Retype the records below exactly as given, but only from the first line through the line with "11301 Canyon Oaks Drive Property Photo 18", and without the pictures.

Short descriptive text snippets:
────────
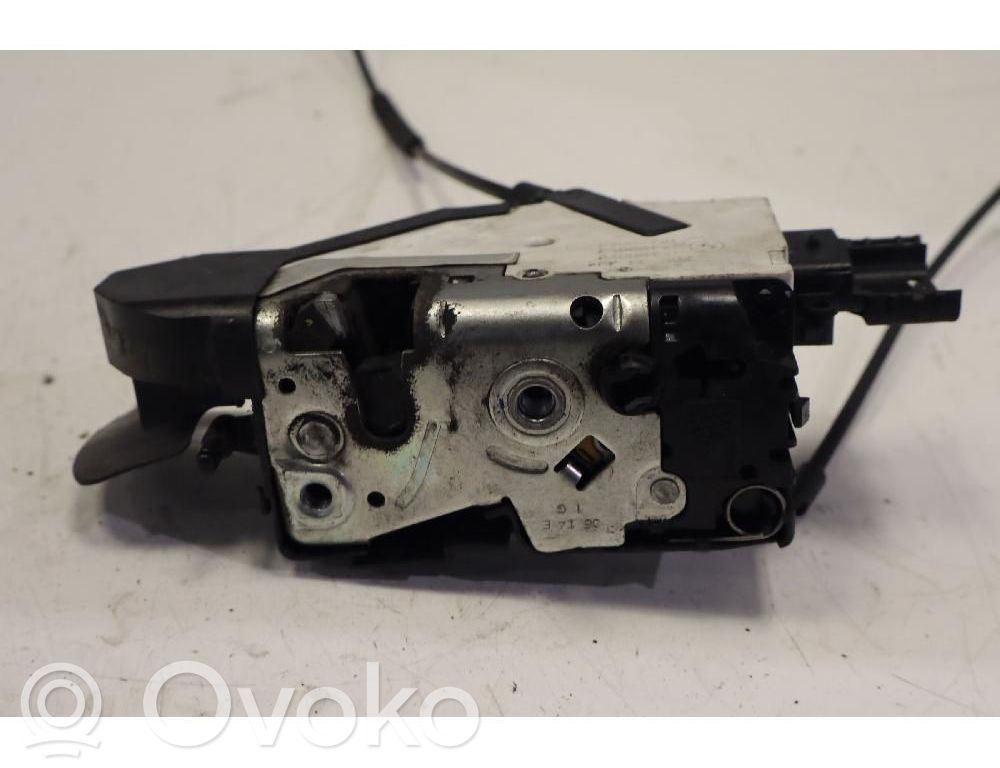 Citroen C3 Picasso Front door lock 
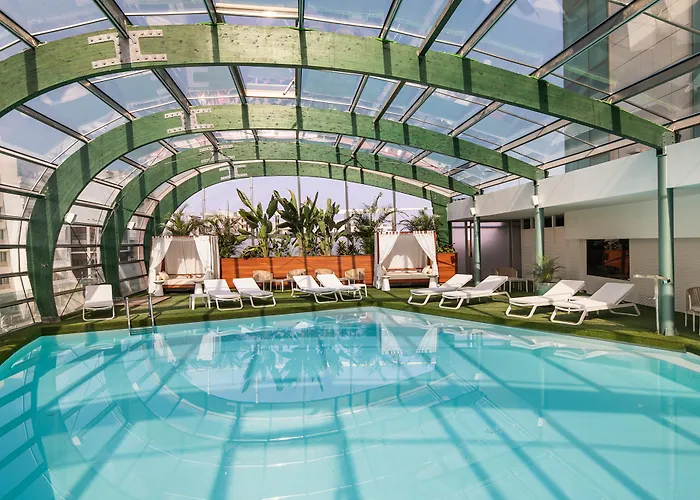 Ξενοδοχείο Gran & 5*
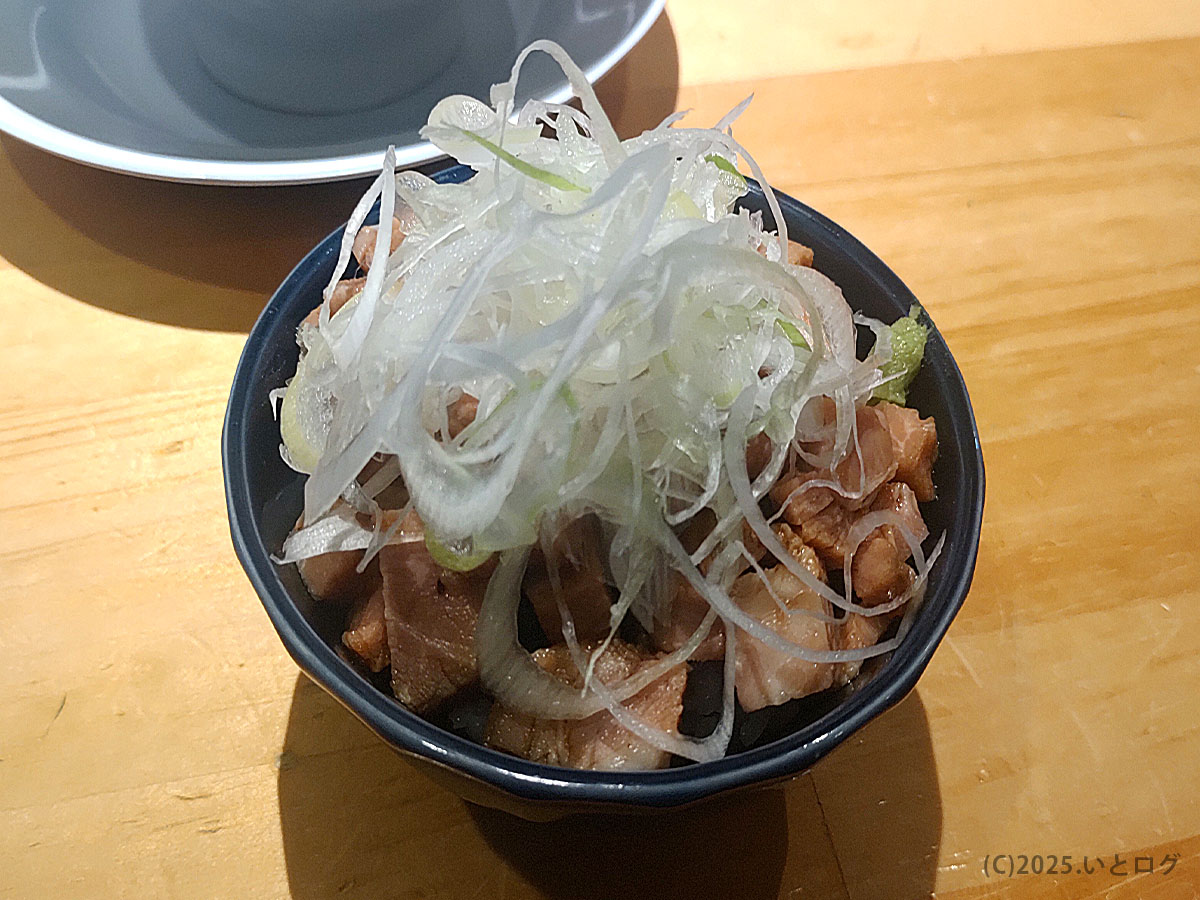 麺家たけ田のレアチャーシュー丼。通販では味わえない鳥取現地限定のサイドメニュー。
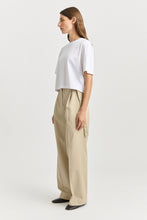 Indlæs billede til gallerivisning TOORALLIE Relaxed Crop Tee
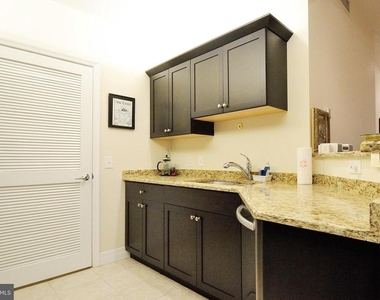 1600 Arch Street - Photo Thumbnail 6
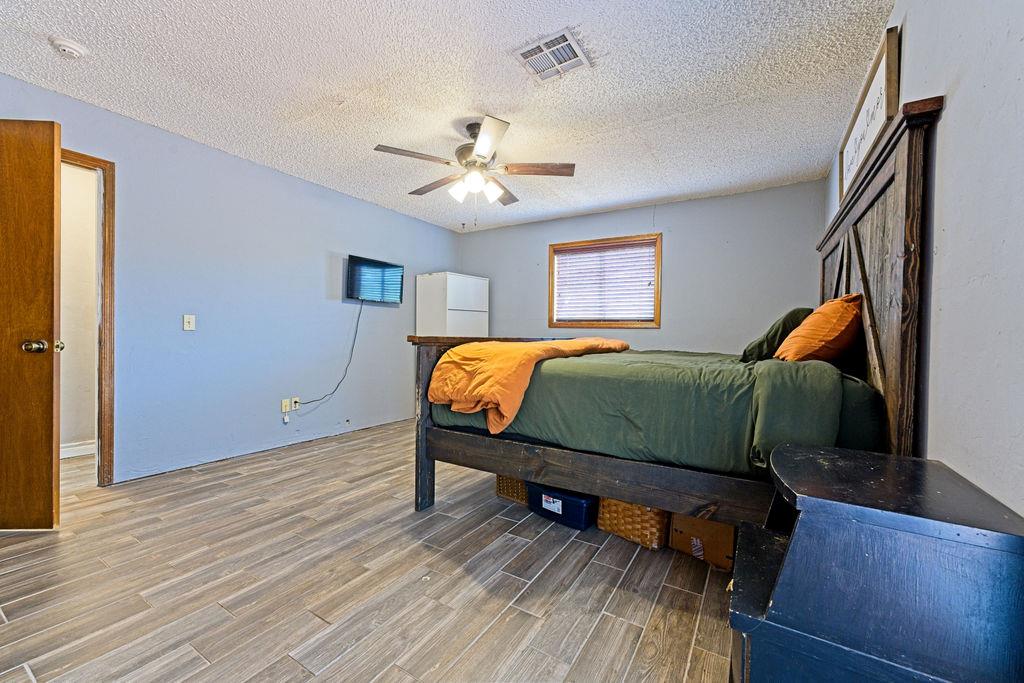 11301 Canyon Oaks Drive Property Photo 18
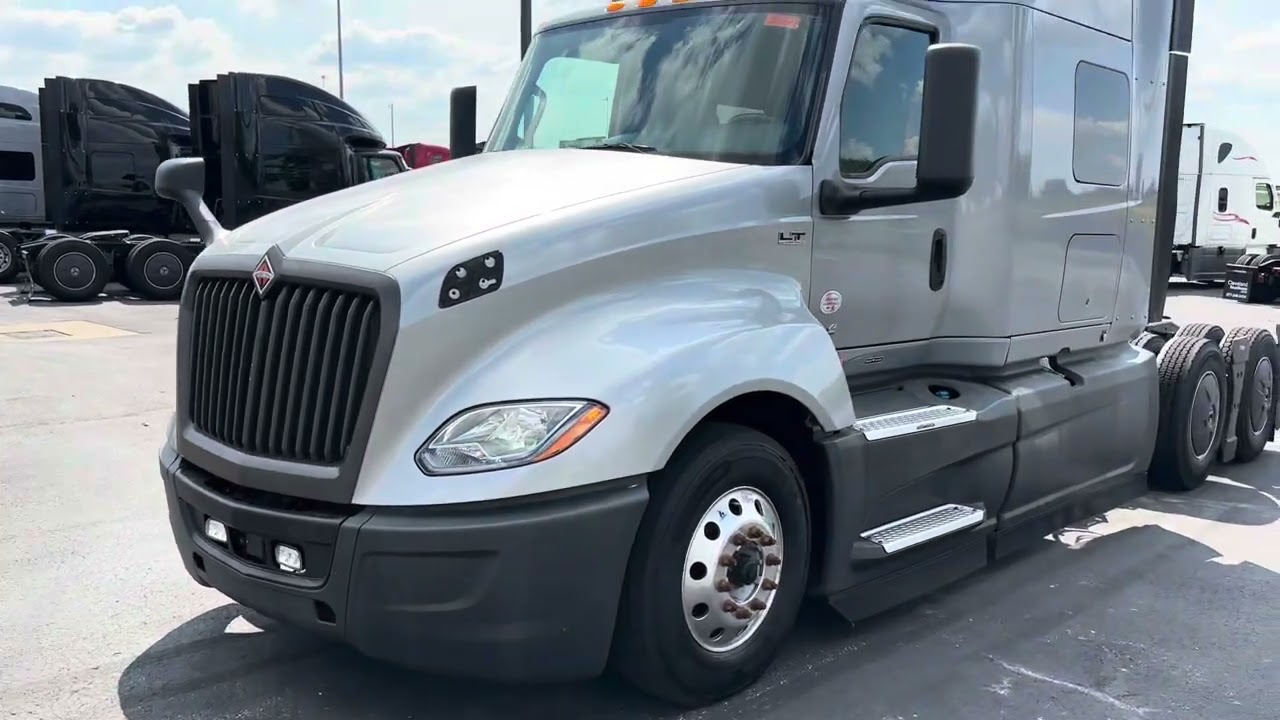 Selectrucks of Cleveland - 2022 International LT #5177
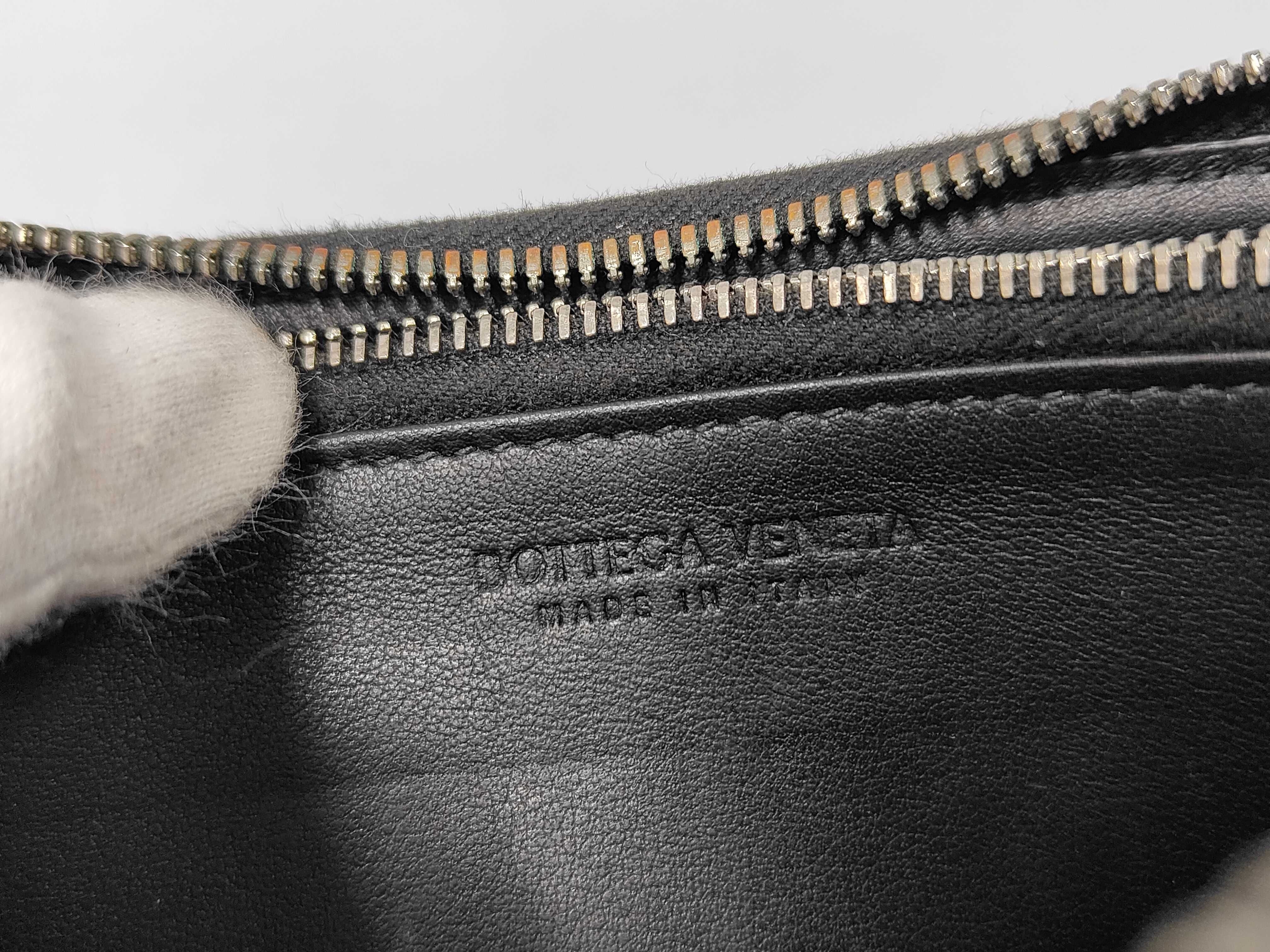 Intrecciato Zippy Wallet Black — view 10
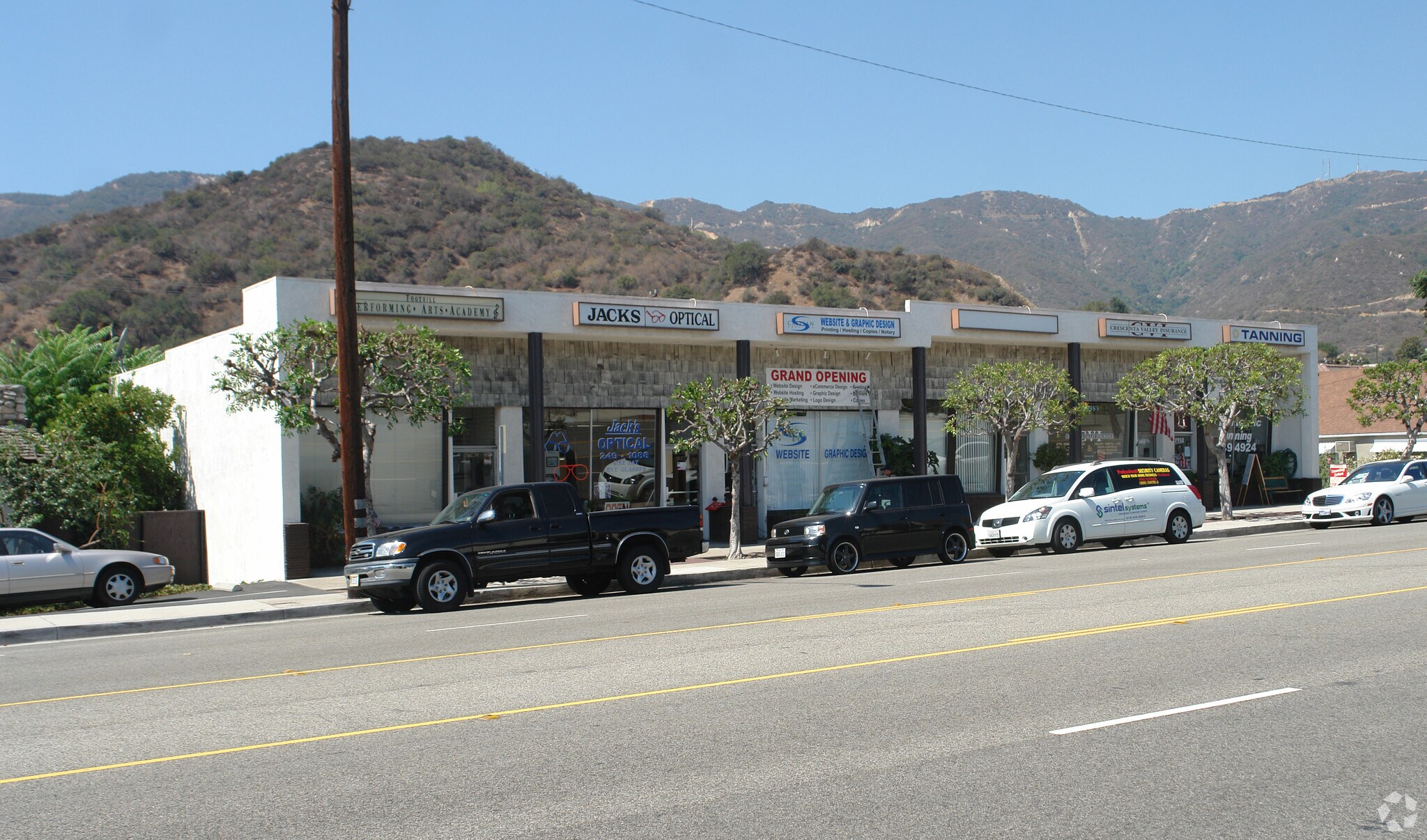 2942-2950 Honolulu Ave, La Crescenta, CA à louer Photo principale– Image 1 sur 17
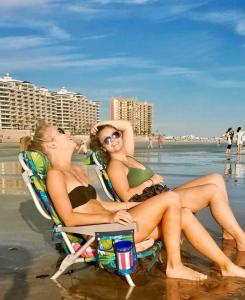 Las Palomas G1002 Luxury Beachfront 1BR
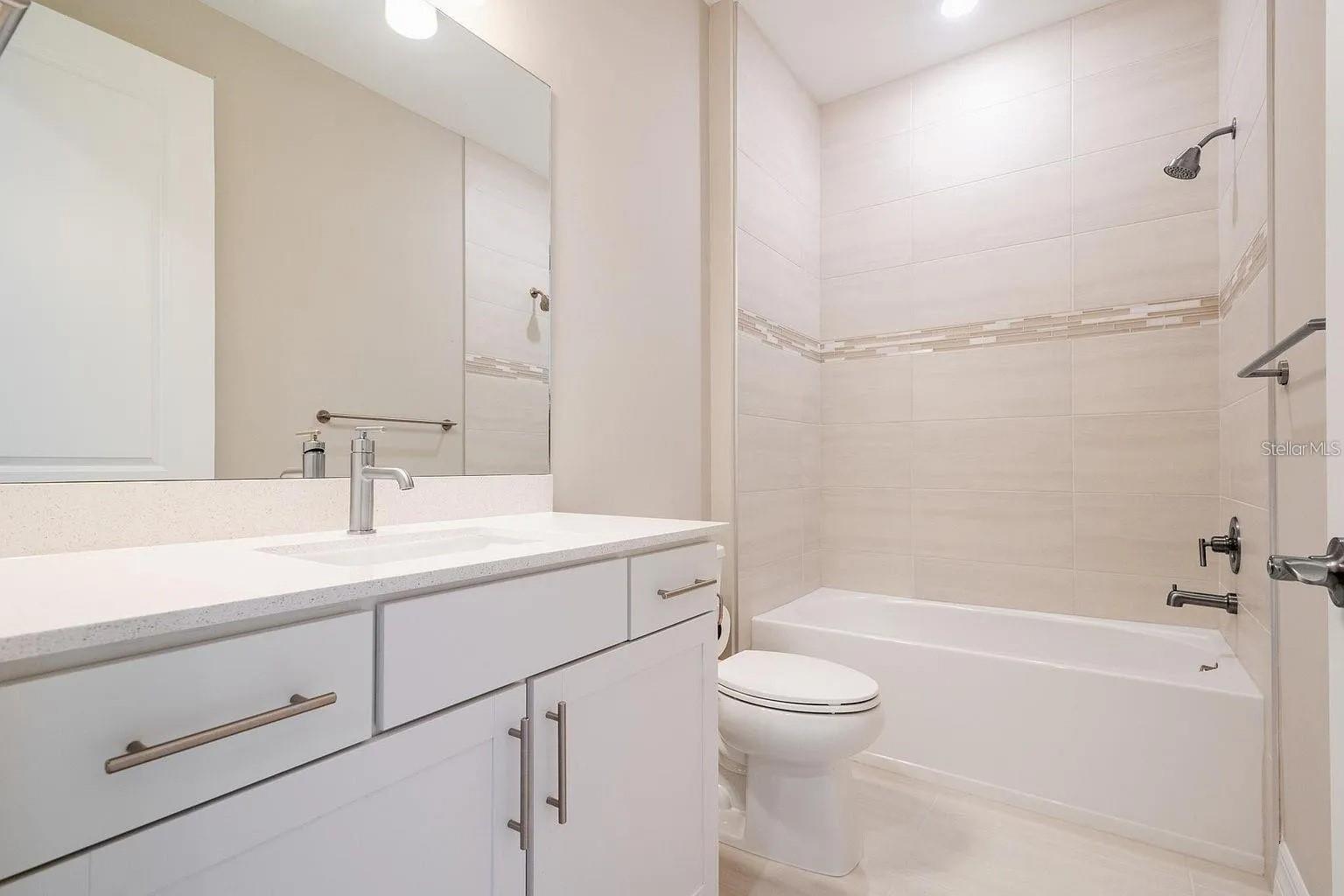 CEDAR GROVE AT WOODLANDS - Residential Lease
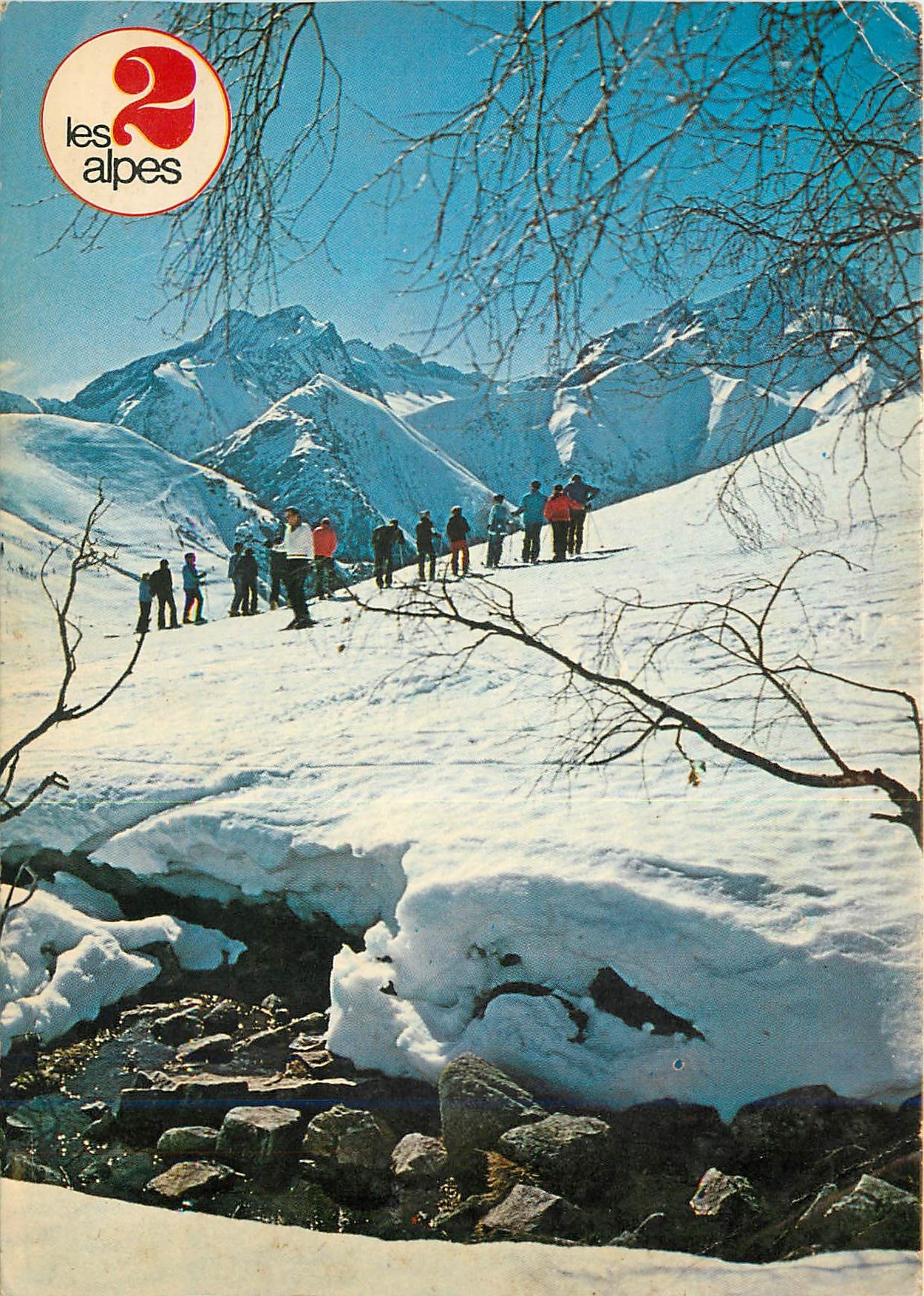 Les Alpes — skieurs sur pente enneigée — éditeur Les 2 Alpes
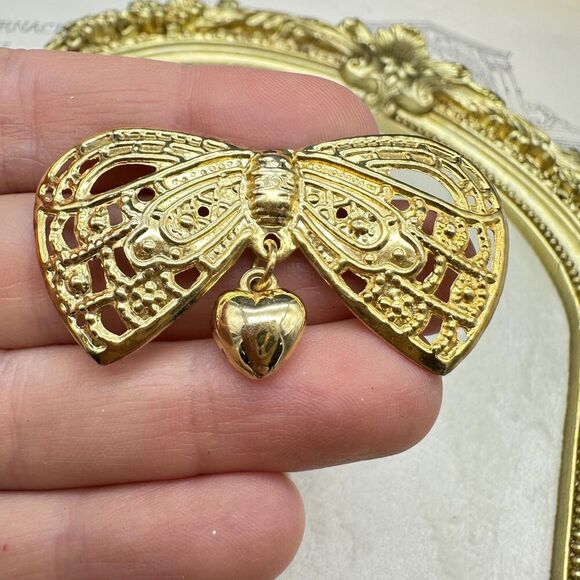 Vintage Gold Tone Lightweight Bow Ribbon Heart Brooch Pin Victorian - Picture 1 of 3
────────
Answer space —
 Citroen C3 Picasso Front door lock 
 Ξενοδοχείο Gran & 5*
 麺家たけ田のレアチャーシュー丼。通販では味わえない鳥取現地限定のサイドメニュー。
 Indlæs billede til gallerivisning TOORALLIE Relaxed Crop Tee
 1600 Arch Street - Photo Thumbnail 6
 11301 Canyon Oaks Drive Property Photo 18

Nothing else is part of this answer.